» Given information
┌────────

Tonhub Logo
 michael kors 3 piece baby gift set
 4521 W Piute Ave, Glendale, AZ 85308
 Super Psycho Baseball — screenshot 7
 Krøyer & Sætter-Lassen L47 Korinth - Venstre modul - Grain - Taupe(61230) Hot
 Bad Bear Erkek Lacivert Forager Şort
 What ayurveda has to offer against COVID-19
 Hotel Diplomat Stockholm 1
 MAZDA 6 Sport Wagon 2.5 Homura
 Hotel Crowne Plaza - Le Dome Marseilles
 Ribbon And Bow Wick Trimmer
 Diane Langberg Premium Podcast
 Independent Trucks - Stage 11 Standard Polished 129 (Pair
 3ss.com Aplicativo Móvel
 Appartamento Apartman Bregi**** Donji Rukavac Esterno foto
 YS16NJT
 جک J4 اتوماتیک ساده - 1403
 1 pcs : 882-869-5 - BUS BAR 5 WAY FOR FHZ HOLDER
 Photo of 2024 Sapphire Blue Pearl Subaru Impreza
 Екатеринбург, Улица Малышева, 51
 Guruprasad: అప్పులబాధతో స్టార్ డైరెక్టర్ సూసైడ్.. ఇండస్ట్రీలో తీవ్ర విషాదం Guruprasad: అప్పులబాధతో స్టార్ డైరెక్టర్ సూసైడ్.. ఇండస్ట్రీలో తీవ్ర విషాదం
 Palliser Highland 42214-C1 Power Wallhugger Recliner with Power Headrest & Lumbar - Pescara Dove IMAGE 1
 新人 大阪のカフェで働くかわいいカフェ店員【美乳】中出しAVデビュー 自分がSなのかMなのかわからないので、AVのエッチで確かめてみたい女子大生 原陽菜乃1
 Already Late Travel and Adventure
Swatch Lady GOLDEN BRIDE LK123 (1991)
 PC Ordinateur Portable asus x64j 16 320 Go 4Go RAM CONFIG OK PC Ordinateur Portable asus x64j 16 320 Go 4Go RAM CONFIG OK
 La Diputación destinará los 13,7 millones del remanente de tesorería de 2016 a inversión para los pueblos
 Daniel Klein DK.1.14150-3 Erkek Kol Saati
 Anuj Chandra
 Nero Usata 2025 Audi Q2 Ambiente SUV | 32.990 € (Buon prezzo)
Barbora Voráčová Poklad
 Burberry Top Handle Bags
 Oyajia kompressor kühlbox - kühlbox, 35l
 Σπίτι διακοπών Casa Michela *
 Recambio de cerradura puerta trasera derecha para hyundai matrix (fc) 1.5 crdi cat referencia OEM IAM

└────────

» Exercise requirements
Give back the lines of the listing from the one with "Σπίτι διακοπών Casa Michela *" through the end, both included, exactly as written and with nothing added.

» Solution for this problem
 Σπίτι διακοπών Casa Michela *
 Recambio de cerradura puerta trasera derecha para hyundai matrix (fc) 1.5 crdi cat referencia OEM IAM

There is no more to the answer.